While Brownian excursion measure $ \mu_{\partial D, x,y}(\cdot)$ is the measure on excursions $ \omega \in \Omega$ from $ x \in \partial D$ to $ y \in \partial D$, its mass $ \mu_{\partial D,x,y}(\Omega) = H_{\partial D}(x,y)$ can be thought of as the hitting measure of an excursion. Hence, the continuous analogue of Fomin's determinant is the determinant of the matrix of excursion hitting measures, $ \det [H_{\partial D}(x^i,y^j)]_{1\le i,j \le n}$. I show that both excursion measure (extending the proof in [6] to the more general topology) and the determinant of the excursion hitting matrix are conformally invariant. This then shows that two discrete models, namely random walk excursion measure and Fomin's determinant for random walk, have conformally invariant scaling limits.

Future Work

Although the loop-erasing procedure is well-defined for discrete processes, there is no analogous notion of "loop-erased Brownian motion" since loops exist at arbitrarily small scales. Lawler-Schramm-Werner [5] recently showed that the scaling limit of loop-erased random walk in the plane is SLE2. In mid-2003, Lawler-Werner [7] introduced the Brownian loop soup in which a Poissonian cloud of bubbles is added to an SLE2 path to produce a Brownian motion. To date, SLE2 is the best possibility for what might be termed "loop-erased Brownian motion."

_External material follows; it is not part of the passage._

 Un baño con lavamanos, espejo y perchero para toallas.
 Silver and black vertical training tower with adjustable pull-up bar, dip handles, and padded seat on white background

In [4], it is shown that in Fomin's identity the determinants of the random walk hitting matrices converge in the scaling limit to the determinant of the Brownian excursion hitting matrix. In the future, I would like to study the other part of Fomin's identity, and try to show directly that the probability that a Brownian excursion and an SLE2 each starting and ending at specified points do not intersect is the determinant of the excursion hitting matrix.

Bibliography

[1]
Krzysztof Burdzy.
Multidimensional Brownian excursions and potential theory.
Longman Scientific & Technical, Guildford, UK, 1987.

[2]
Sergey Fomin.
Loop-erased walks and total positivity.
Trans. Amer. Math. Soc., 353:3563-3583, 2001.

[3]
Michael J. Kozdron.
Simple random walk excursion measure in the plane.
Ph.D. dissertation, Duke University, 2004.

[4]
Michael J. Kozdron and Gregory F. Lawler.
Estimates of random walk exit probabilities and application to loop-erased random walk.
Preprint, 2005. Available at arXiv:math.PR\0501189.

[5]
Gregory F. Lawler, Oded Schramm, and Wendelin Werner.
Conformal invariance of planar loop-erased random walks and uniform spanning trees.
Ann. Probab., 32:939-995, 2004.

[6]
Gregory F. Lawler and Wendelin Werner.
Universality for conformally invariant intersection exponents.
J. Eur. Math. Soc., 2:291-328, 2000.

[7]
Gregory F. Lawler and Wendelin Werner.
The Brownian loop soup.
Probab. Theory Related Fields, 131:565-588, 2004.

[8]
L. C. G. Rogers and David Williams.
Diffusions, Markov Processes, and Martingales. Volume 2: Itô Calculus.
Cambridge University Press, Cambridge, UK, second edition, 2002.